- [AIM OF THE TASK] Lines from the one containing "structure, CAS 1040645-54-2" through the end of the material are to be retyped exactly; do not copy pictures.

- [DATASET EXTRACT]
"""
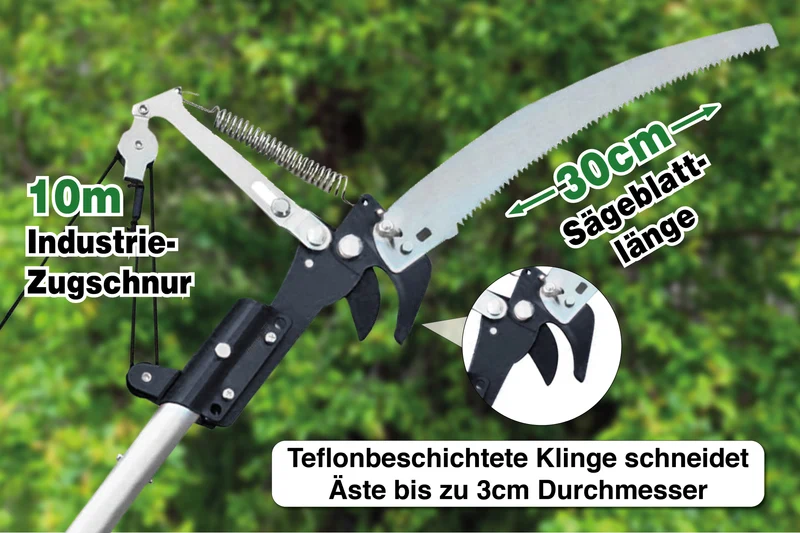 10m Teleskop Baumpflege Set mit Teleskopstange Astschere Astsäge Obstpflücker und Baumhaken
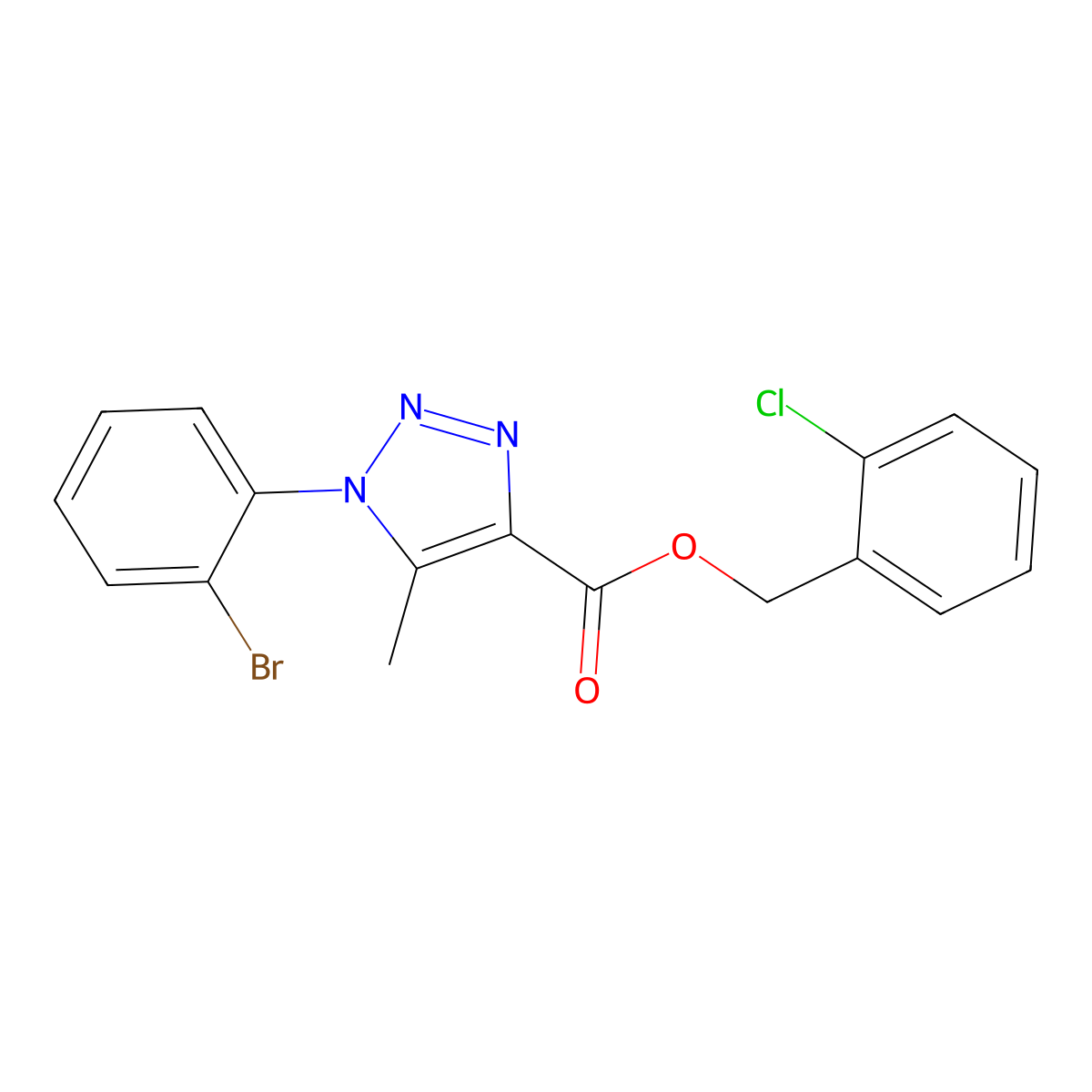 2-chlorobenzyl 1-(2-bromophenyl)-5-methyl-1H-1,2,3-triazole-4-carboxylate molecular structure, CAS 1040645-54-2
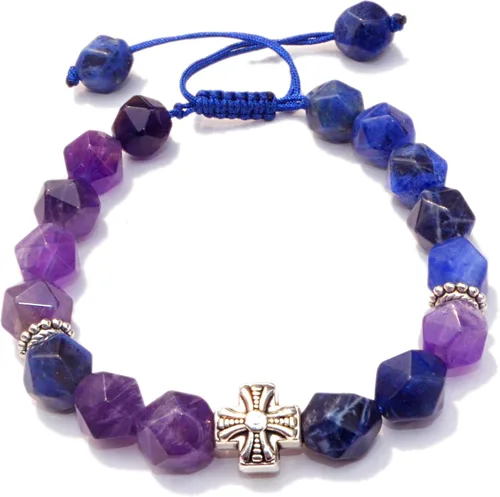 Miniatura 26 de Pulseras de la amistad, pulsera de obsidiana negra arcoíris para mujeres y hombres, 0.394 pulgadas (0.394 in), ojo de tigre, hematita y cristal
"""
- [RESULT FOR THIS EXERCISE]
 2-chlorobenzyl 1-(2-bromophenyl)-5-methyl-1H-1,2,3-triazole-4-carboxylate molecular structure, CAS 1040645-54-2
 Miniatura 26 de Pulseras de la amistad, pulsera de obsidiana negra arcoíris para mujeres y hombres, 0.394 pulgadas (0.394 in), ojo de tigre, hematita y cristal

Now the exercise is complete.